Pressure grows for Continental Resources and others to resume oil production in North Dakota

 

Oklahoma City’s Continental Resources as well as Marathon Oil are among those companies offering no comment about whether they will continue to delay bringing back oil production in North Dakota’s Bakken shale field.

But as Reuters reported this week, producers in the state are under new pressures to delay any resumption of oil production. Continental and Marathon are among the state’s top oil producers and Continental’s Harold Hamm is considered to be one of the early explorers of the Bakken

Oil producers in the Bakken, the second largest U.S. shale field, cut May output by about 500,000 barrels per day after U.S. prices tumbled in March on the heels of global coronavirus shutdowns.

They were slowly restarting some wells when the court ruled the region’s main pipeline must face a new environmental review that could halt its operation for a year.

An appeals court has allowed Energy Transfer LP’s Dakota Access Pipeline (DAPL) to continue operating for now, but the threat of closure makes reversing cutbacks and drilling new wells too risky, executives and analysts say.

DAPL links Bakken producers to Midwest and Gulf of Mexico customers, accounting for about 40% of volumes transported to those regions. Rail transport, which is $3 to $6 a barrel more expensive, is expected to expand if the pipeline closes.

Producers will not be willing to commit to reopening closed wells or drilling news ones “unless they know more” on the pipeline’s future, said Nicholas O’Grady, chief executive officer at Northern Oil and Gas Inc, which has invested in about 7,000 wells in North Dakota’s Williston Basin.
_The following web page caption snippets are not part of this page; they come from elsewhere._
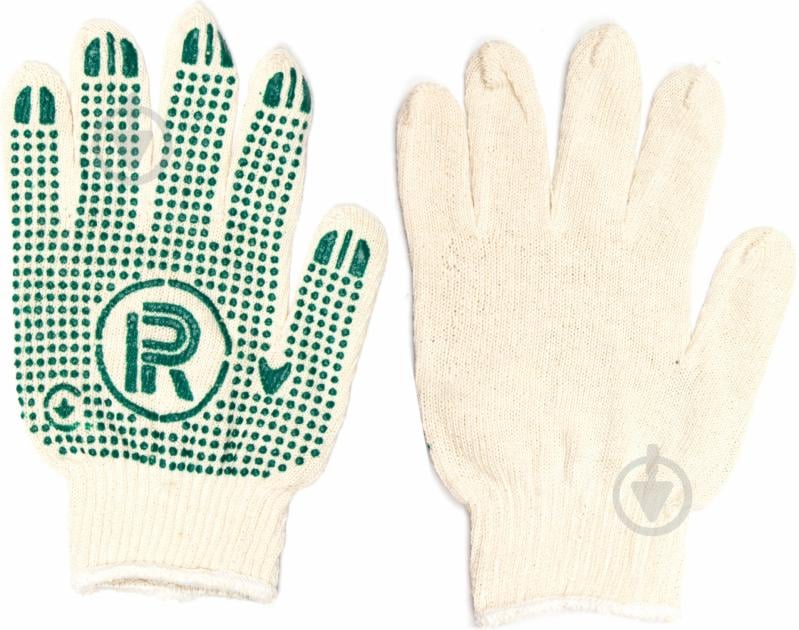 Перчатки Садово-огородные для сада и огорода с покрытием ПВХ точка XL (10) 10320284 - фото 2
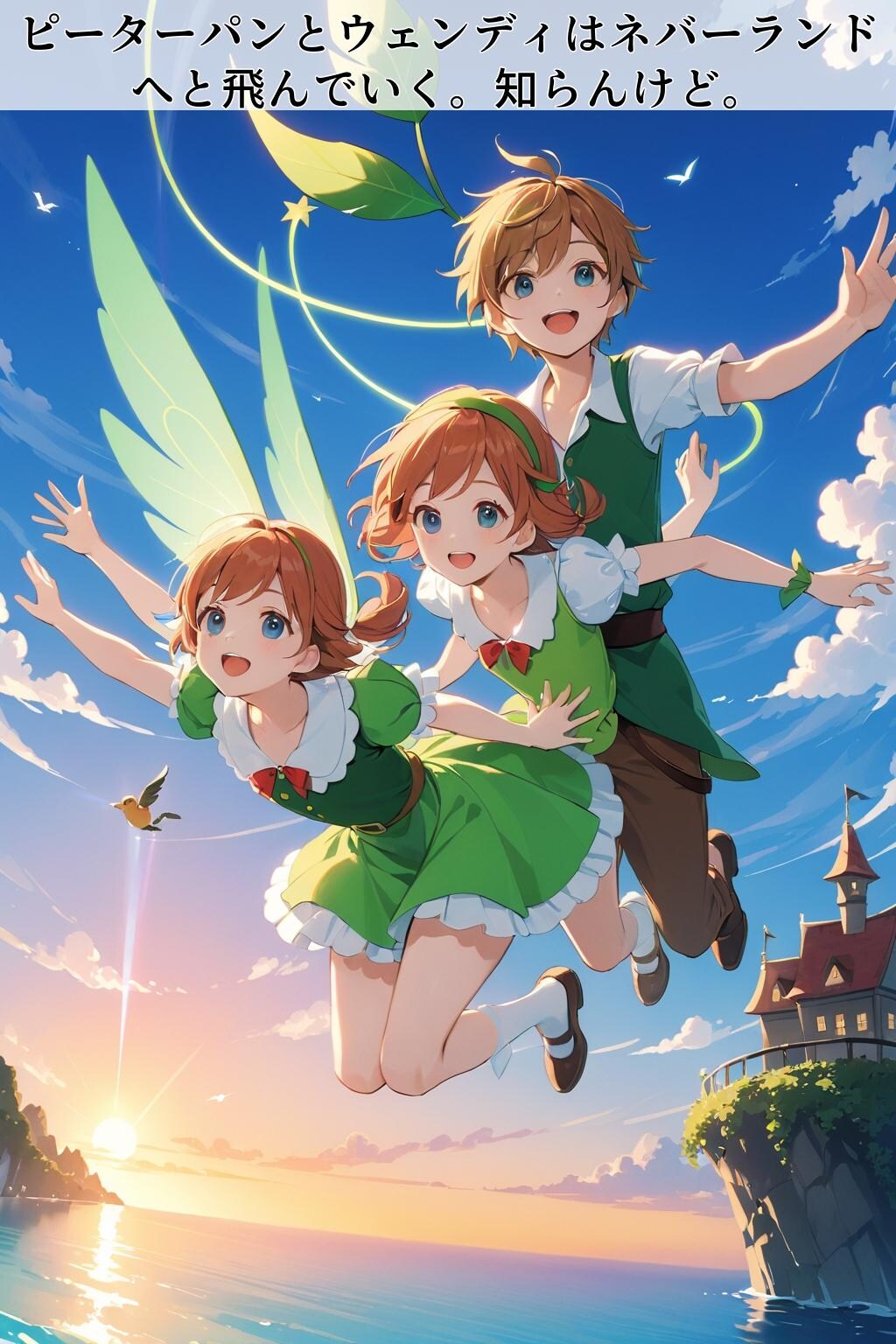 １文生成やってみた！知らんけど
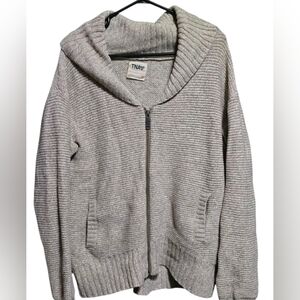 # 384 TNA Zip Up Sweater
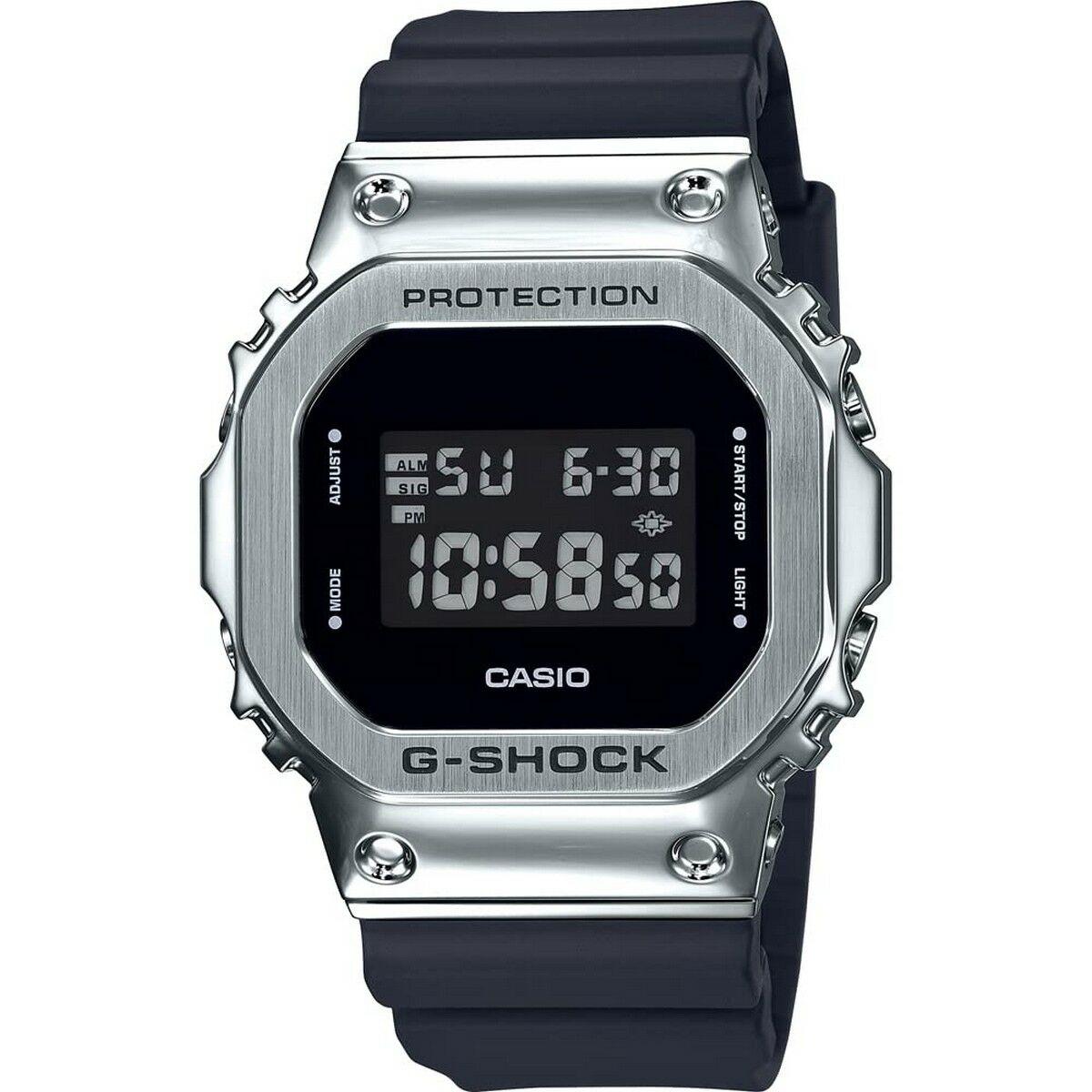 Unisex ur Casio Sort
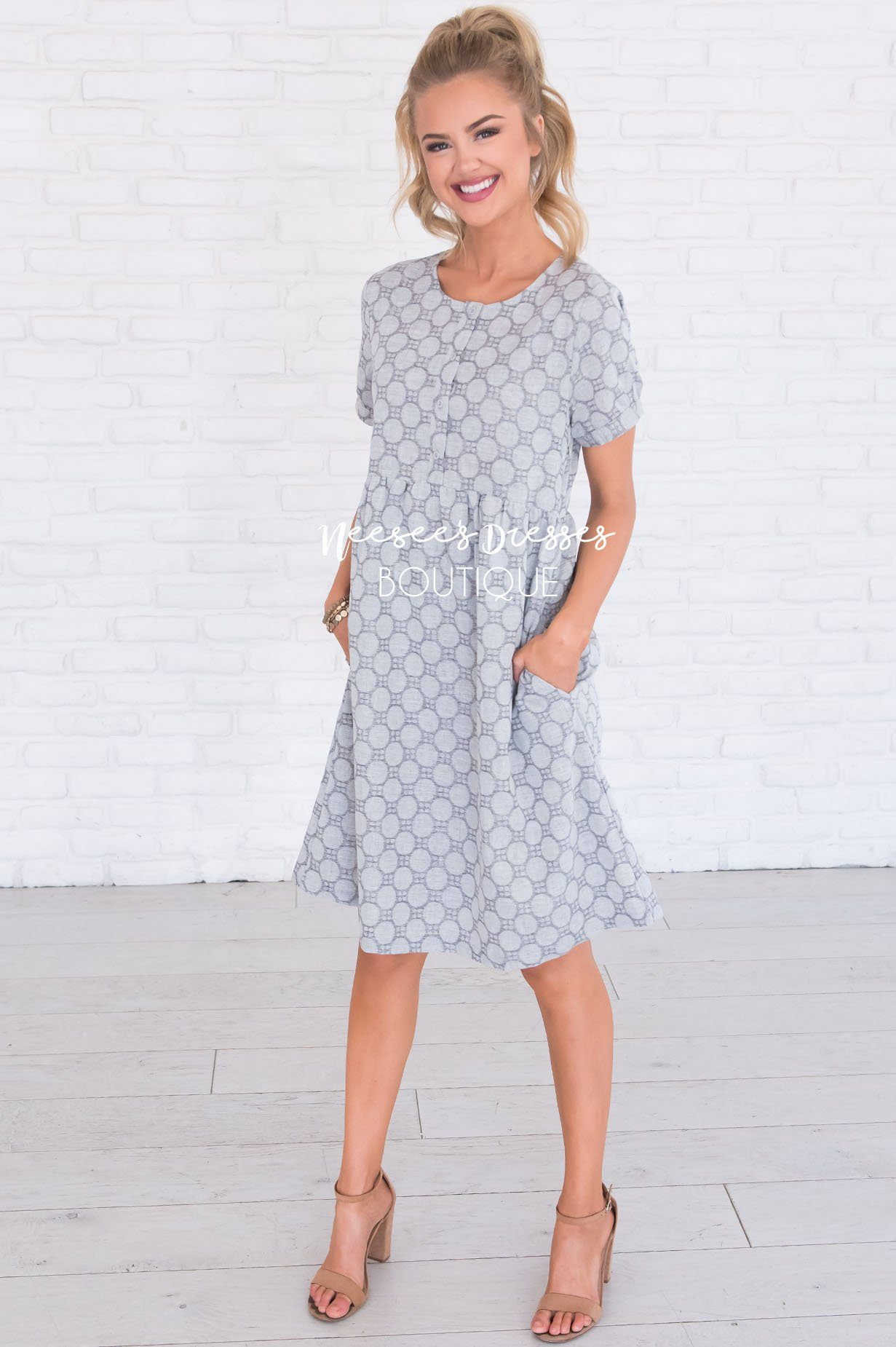 The Myrtle Modest Dresses vendor-unknown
Northern Oil and Gas has already factored in the impact of a DAPL shutdown into its plans for spending on new wells and acquisitions in the region, he said.

Nationally, U.S. shale producers have revived as much as half of the production they cut in May. In the Bakken, only a fifth of 510,000 barrels per day cut were back on line last month, according to North Dakota state figures.

The current per barrel price of $40.14 is below the $46.54 that Deutsche Bank analysts estimate Bakken producers need to break even on new wells even before the additional rail costs are factored in.

There were about 882 drilled but uncompleted wells in Bakken in June, according to the U.S. Energy Information Agency, and about 405,000 bpd of output was shut-in as of June 26.

Publicly traded oil companies plan to spend about $3.1 billion in Bakken this year, down from $7.5 billion in 2019, according to analytics firm Rystad Energy.

“Right now, we just don’t have all the information. We are in a holding pattern,” said J.R. Reger, whose company Iron Oil suspended drilling and completing new Bakken wells in March.